Task description> Only text is carried over. Reproduce the entries below exactly.

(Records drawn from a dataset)
════════════════

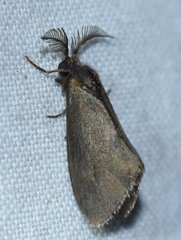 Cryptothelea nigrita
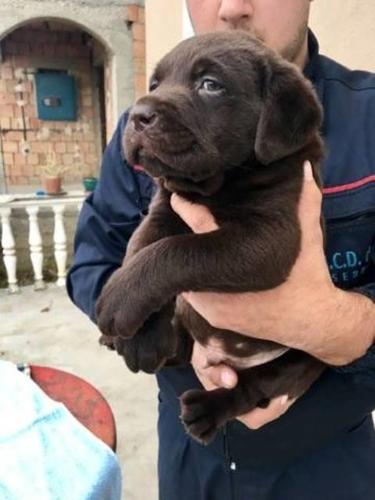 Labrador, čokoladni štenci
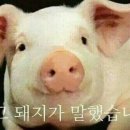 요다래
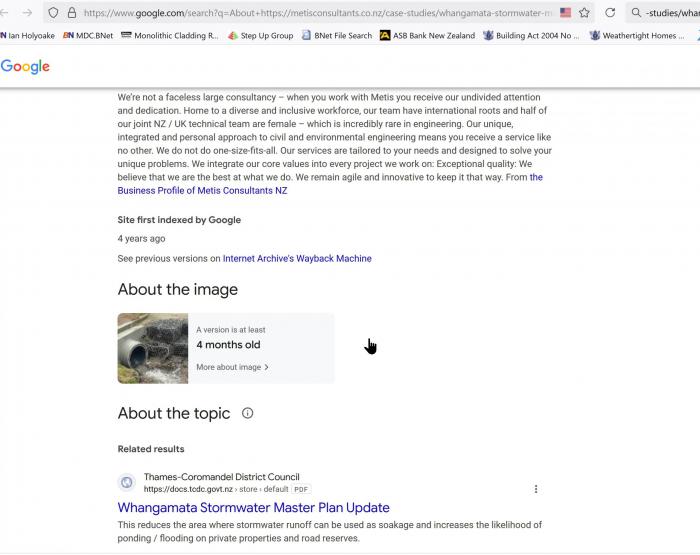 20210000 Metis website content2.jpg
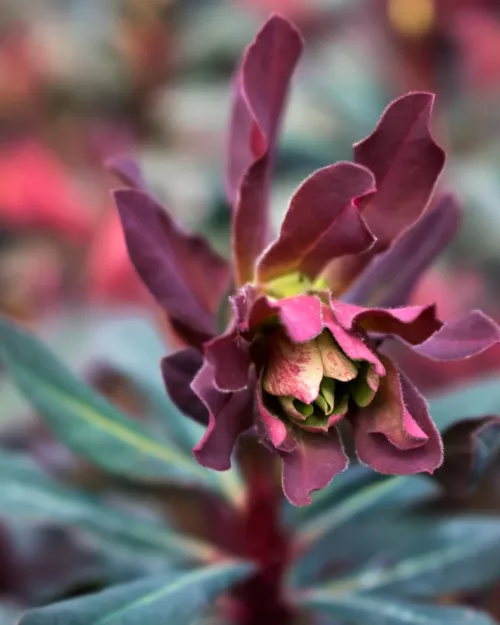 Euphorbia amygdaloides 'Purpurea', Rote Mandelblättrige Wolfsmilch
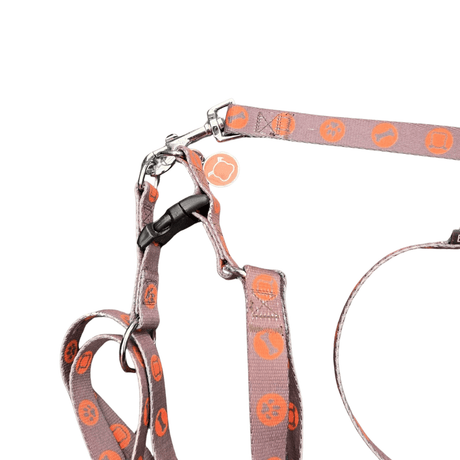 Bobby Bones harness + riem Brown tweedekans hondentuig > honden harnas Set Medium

════════════════

Output for this task>
 Cryptothelea nigrita
 Labrador, čokoladni štenci
 요다래
 20210000 Metis website content2.jpg
 Euphorbia amygdaloides 'Purpurea', Rote Mandelblättrige Wolfsmilch
 Bobby Bones harness + riem Brown tweedekans hondentuig > honden harnas Set Medium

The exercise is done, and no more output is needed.